Data supplied below:
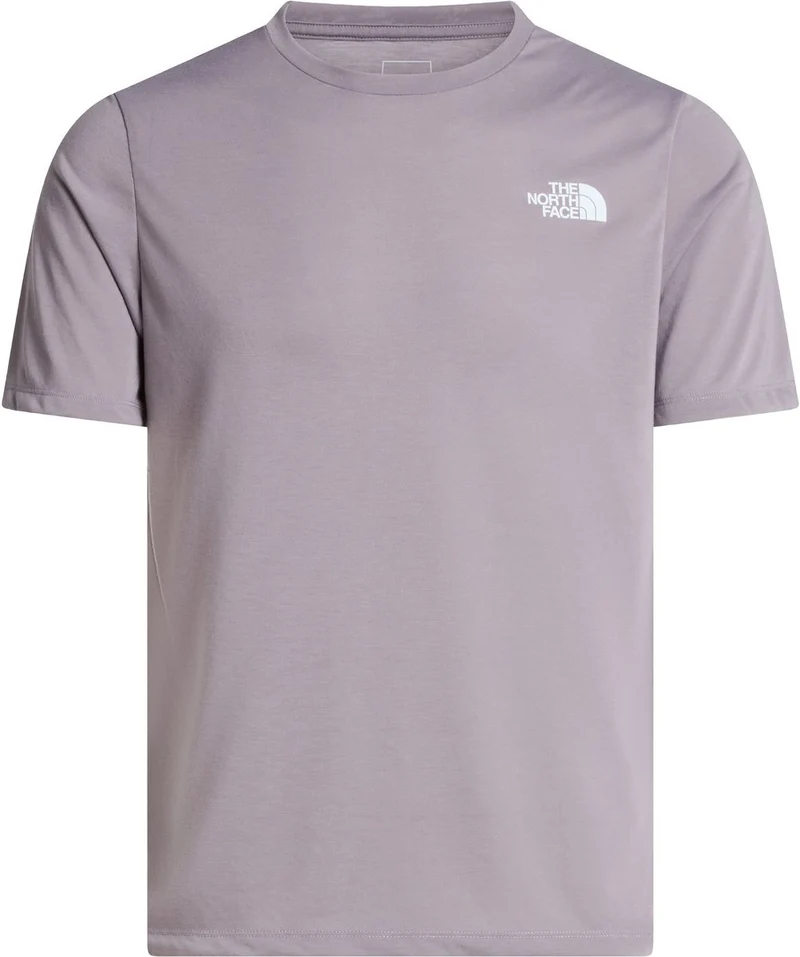 THE NORTH FACE Herren Shirt M FOUNDATION MOUNT SS TEE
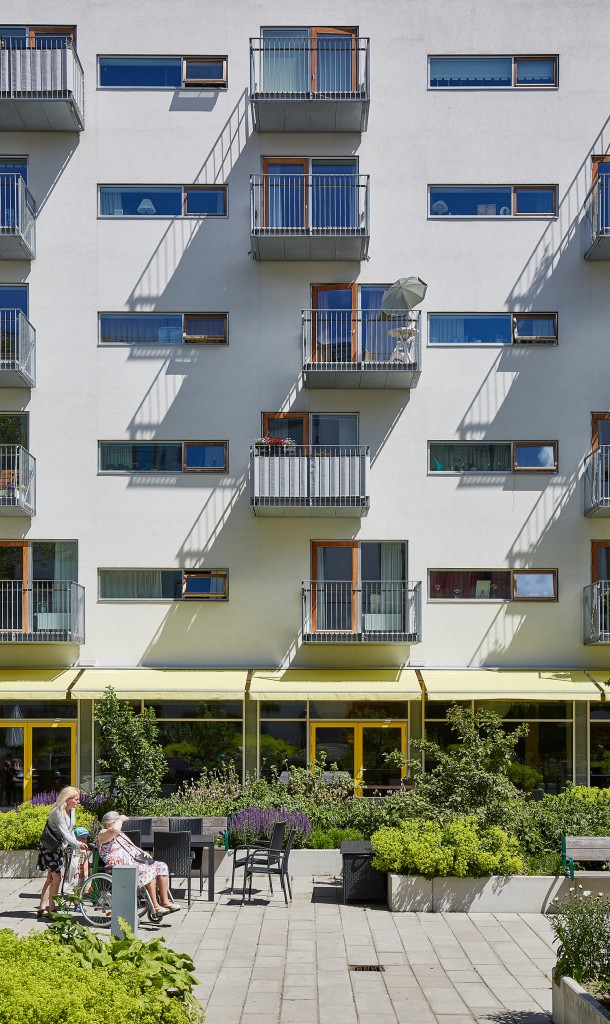 Havefacade_foto Jakob Birgens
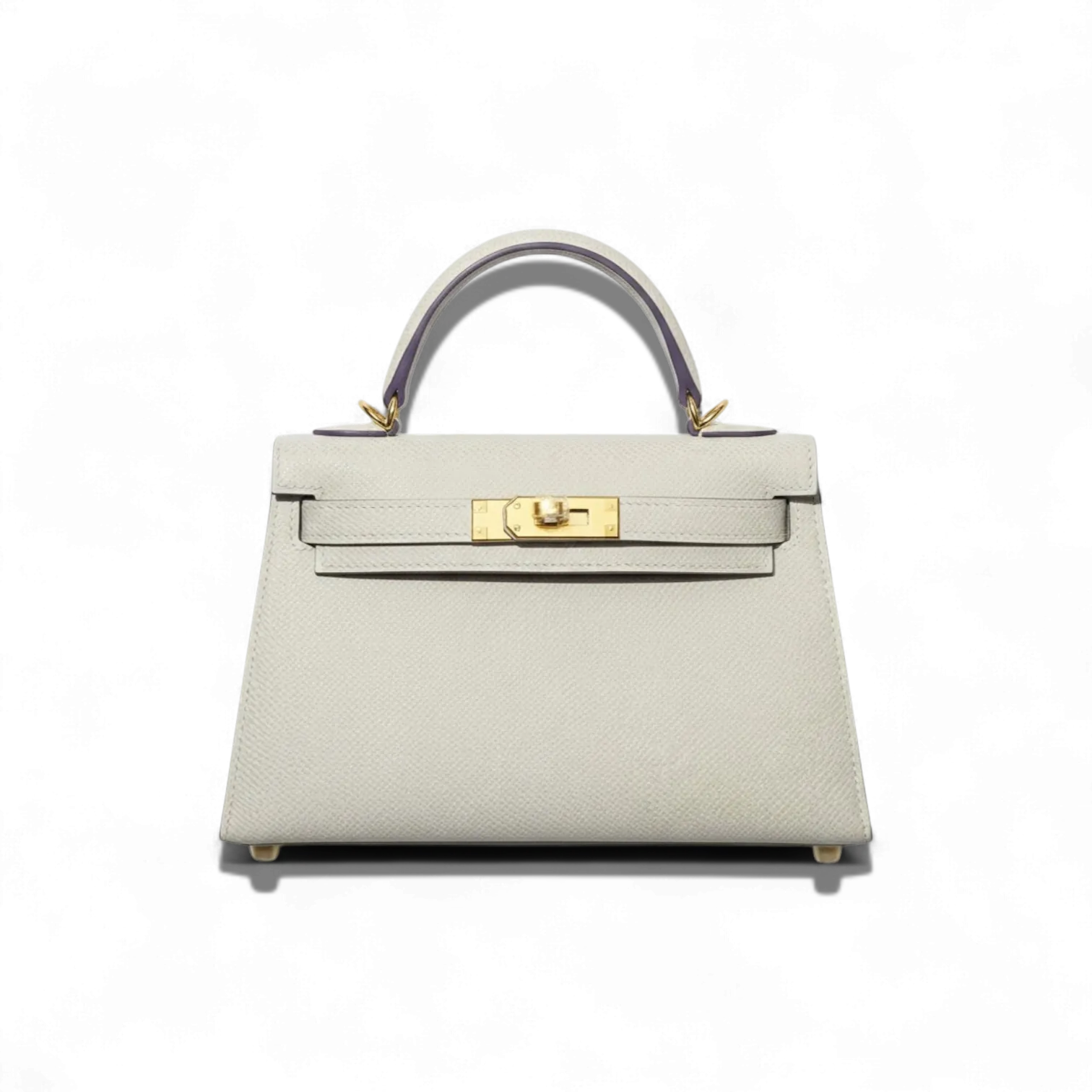 Сумка HERMES Kelly Mini (20 см)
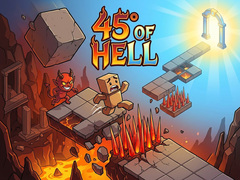 খেলা 45° of Hell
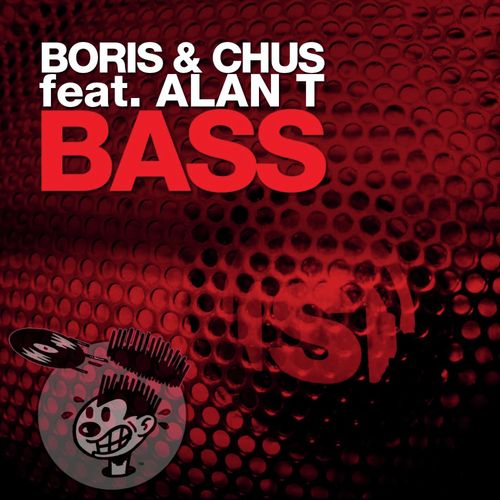 Bass (DJ Chus In Stereo Mix)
End of Data supplied.
What you are asked to do: Exactly as written, give the entries above again, with no images.

Solution for this problem:
 THE NORTH FACE Herren Shirt M FOUNDATION MOUNT SS TEE
 Havefacade_foto Jakob Birgens
 Сумка HERMES Kelly Mini (20 см)
 খেলা 45° of Hell
 Bass (DJ Chus In Stereo Mix)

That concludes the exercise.